Terkenal sebagai pengarang kitab Ratib al-Haddad dan Wirdul Lathif, Imam Al-Haddad juga menjadi juru bicara ‘alawiyyin yang merumuskan etika dan thariqah dalam perjalanan tasawuf ‘alawiyyin yang berkembang dalam sejarah Islam. Sebagian besar ajarannya dianut kaum muslim tradisional dalam komunitas Sunni.
Kini, kata-kata bijak beliau yang berisi petuah dan nasihat kehidupan pun banyak bertengger di sosial media. Untuk mengetahui lebih lanjut, mari kita simak kata-kata bijak dari Imam Al-Haddad berikut ini.

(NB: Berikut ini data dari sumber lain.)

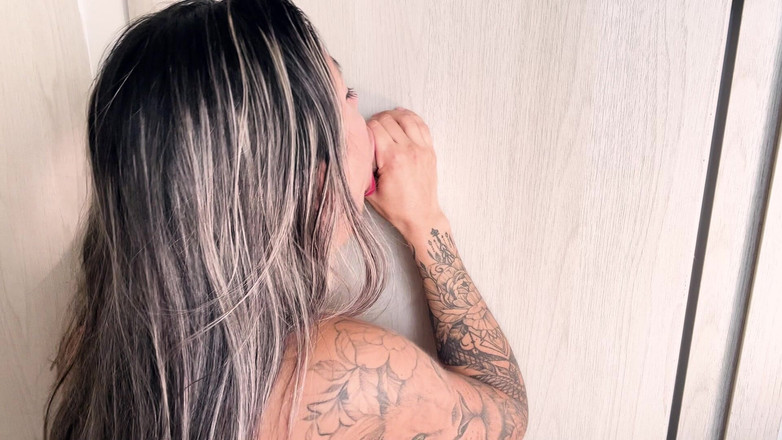 LunaBigBooty: Nyepong kontol sampai tenggorokan pakai dildo ukuran raksasa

1. Syuhrah (mencari popularitas) bukan adat kebiasaan kami, kaum alawiyyin. Kedudukan kami para sayyid Alawiy tidak dikenal orang.jadi tidak seperti yang ada pada beberapa wali selain mereka (alawiyyin), yang umumnya mempunyai sifat-sifat berlainan dengan sifat-sifat tersebut. Sifat tersebut merupakan soal besar dalam bertaqarrub kepada Allah dan dalam memelihara keselamatan agama (kejernihan iman).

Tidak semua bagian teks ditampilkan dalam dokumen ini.